You may already have noticed that this blog, and especially the posts on stock market investing, are geared towards science-based investing. My method of choice for stock-picking is the Piotroski F-Score (sometimes called ‘Z-Score’) which focuses on a 9-point test to determine whether a stock has been improving its financials over the last year.
But when you invest, it’s not just important to think about what works, but also about what is actually practical for you. In order to avoid carrying too much risk, I’ve set trailing stop loss orders at around 15% of the stock price to make sure there can be no 2008-style surprises. Sometimes a stock may be sold this way even though I would have preferred to keep it, but it is more practical for me to use stop loss orders because they make me sleep easily at night.
So investing in a way that’s practical for you means thinking about the kind of volatility and losses you’re willing and able to endure. If you’re not certain that you can withstand a 20% decline in your portfolio value, don’t invest in a way that makes such declines possible, i.e. diversify properly and use stop loss orders. It’s not an exact science, because even with stop loss orders your order is executed at the next available market price, so there’s still a chance you’ll lose more than the stop loss level, but your loss will be limited in either case. That’s what it’s about: reducing the probability of huge losses.
Another strategy you can use is to split your portfolio in different asset categories. Some recommend a 50/50 split between stocks and bonds, and that’s a good starting point. I’ve personally decided to setup an Index ETF portfolio after reading more about the Boglehead’s strategy.

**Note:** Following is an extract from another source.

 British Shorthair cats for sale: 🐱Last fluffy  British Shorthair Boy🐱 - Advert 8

So what is an Index ETF portfolio?
An Index ETF is a fund traded like a stock, so you can sell and buy it whenever you want during the day. It represents a specific index of stocks, so it’s a basket of stocks, which means diversification is built-in. You could, in fact, invest your whole investment budget in a single Index ETF mirroring the SP500. It would not be the worst strategy out there: you’d have limited volatility, limited risk and you’d be sure that if a crisis like 2007/8 happens, you’ll bounce back, because the US stock market as a whole will not go away anytime soon. The same thing is true for European indexes or Asian indexes, basically anywhere that’s geopolitically stable is a good bet.

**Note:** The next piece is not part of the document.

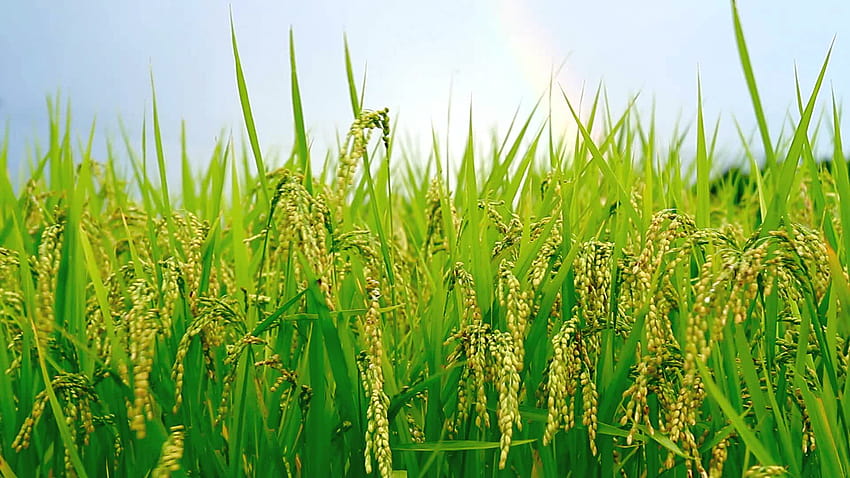 Campos de arroz de alta calidad, paddy fondo de pantalla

Basically, a portfolio made up of index ETFs is a ‘permanent portfolio’ that you don’t have to trade in or out of or keep track of frequently because it just takes care of itself if you leave it alone. Sometimes you should rebalance (every 6 or 12 months) to make sure the allocation is still balanced the way you wanted, but other than that there is not much you need to do.
Why would I want to invest half of my budget into an ETF portfolio, if I’m making such fabulous gains by picking individual stocks? Well, stocks rise when the market as a whole rises. During bear markets or crises, it’s difficult to gain anything this way. Throughout the years, I will probably earn more if I stick to picking individual stocks, but the highest return is not the only criterion for me. A major factor is also my ability to continue with this investment strategy. Allocating half of my funds to an index ETF portfolio makes sure that, even if my ups will not be as high as they could be with pure stock-picking, my downs won’t be as low, either. So I’m reducing the overall volatility and risk of my portfolio.

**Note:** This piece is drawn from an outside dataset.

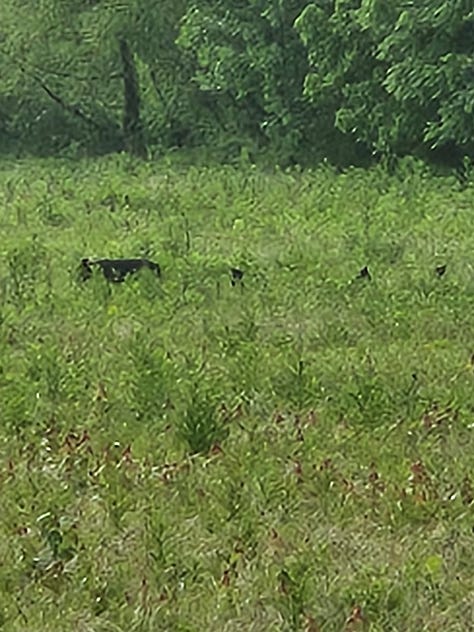 A grown bear and three cubs in Smoky Mountain National Park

What will my ETF portfolio look like? It’s based on the ‘Coffeehouse portfolio
’ which is described in a popular investment book and also referred to by the Bogleheads
. I’ve modified it a bit for my needs:
- 40% bonds
- 10% gold
- 10% emerging markets
- 10% developed markets
- 10% REITs
- 10% small-cap US stocks
- 10% total US stock market
This ensures a relatively low volatility, and the bonds and gold will reduce the risk of huge crashes, because those are typically safe-haven assets for people when the stock market gets choppy.